We dragged Julian into the Contemplation Room and bolted the door.

‘Is he all right?’ Fenella asked, ever the worrier.

‘He’s breathing,’ said Lisabeth in a voice designed to close the subject.

Connie we manhandled into the downstairs room Stella described as ‘The Chapel’. It had no furniture, just scatter cushions covering the floor. Connie, who had been out for only about a minute, seemed grateful for the lie down.

‘Time to talk,’ I said, and he groaned. ‘Or shall I leave you to the ladies?’

‘It was Buck, man, it was Buck.’ He spoke through a broken nose, and a split lip from where Veronica had butted him. His face was a mess, but he seemed keen to chat.

‘Buck set you up in properties, didn’t he? So you could – what? – bring down the value, frighten tenants off? Which was it?’

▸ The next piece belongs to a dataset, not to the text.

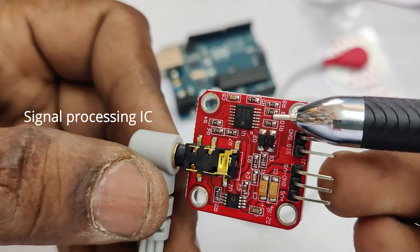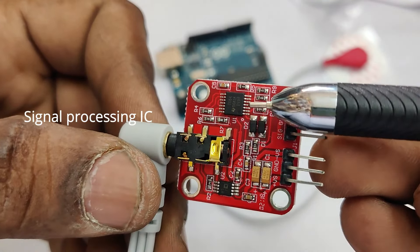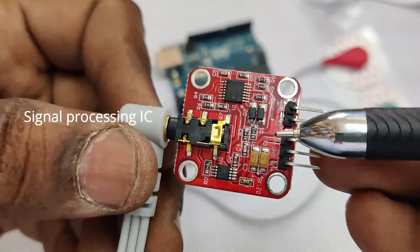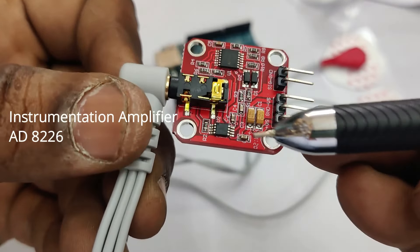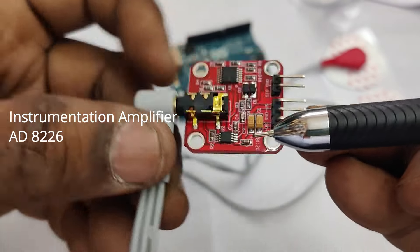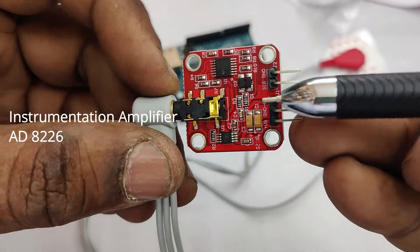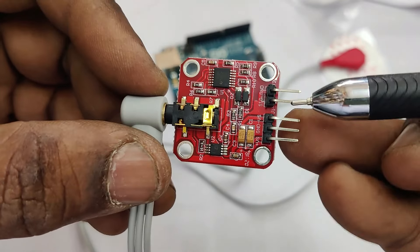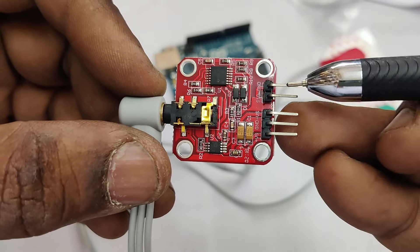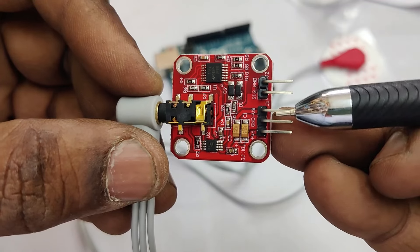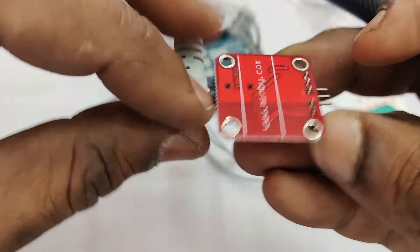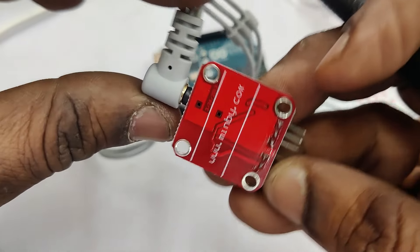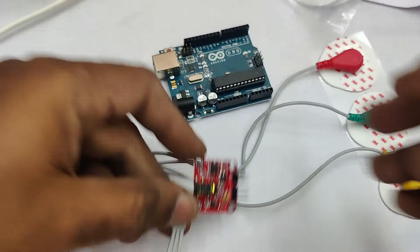The board has got a signal amplifier, signal processing IC, and then an instrumentation amplifier, mostly it is AD8226 which produces an amplification factor up to 1000. It has got signal pins and power source pins. It requires dual power source.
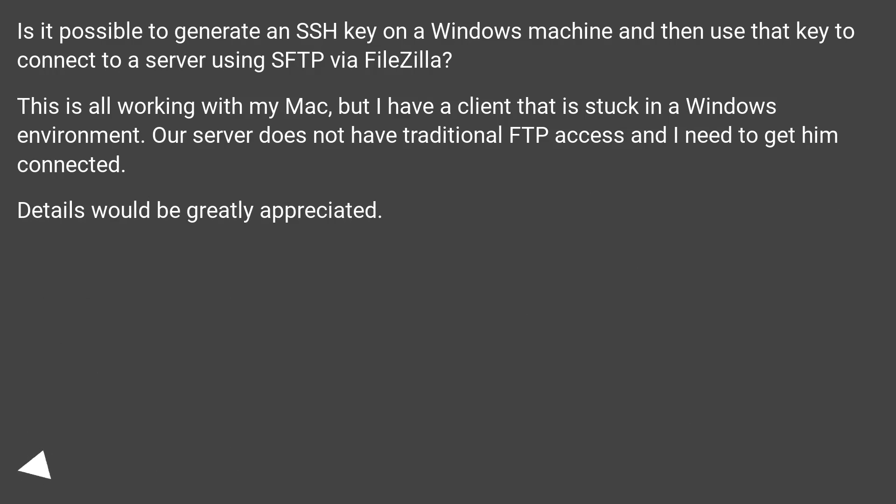This is all working with my Mac, but I have a client that is stuck in a Windows environment. Our server does not have traditional FTP access and I need to get him connected. Details would be greatly appreciated.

‘Either/or, man. Sometimes both. He’s done it before using what he called gyppos, even hobos; you known, man, winos, drunks off the street. That man is into property in a big way and that’s not clever, man, not these days.’

He was right. The property market had slumped. People had paid big prices two years earlier and now found themselves owing the bank more than the bricks and mortar were worth.

‘And Carrick Lee? What was he?’

‘Nothing, man, nothing to me.’ Connie waved a hand weakly. ‘You gotta believe me on this one. He worked for Buck, just delivered orders, money … Shit, I only met the guy twice. Whatever there was between those two was between those two, not me, man.’

‘What do you mean, between those two?’

‘Buck and this guy Lee. There was something there, but I don’t know what. Hey, look, it had something to do with her old man, that’s all I know.’

‘My father?’ shouted Stella. ‘I knew it.’

‘What did it have to do with Stella’s father?’ I had seen the way he had flinched at Stella’s voice.

‘It was something ... I don’t know …’ He shook his head. It still hurt. ‘… But it wasn’t the property thing, man. Believe me. He knew all about that.’

‘What?’ from Stella, louder.

‘Shit, your old man owns this place and the fucking house next door, and that’s got sitting tenants. He knows, I tell you. But this thing with Lee was something else. Buck wanted him out of the way.’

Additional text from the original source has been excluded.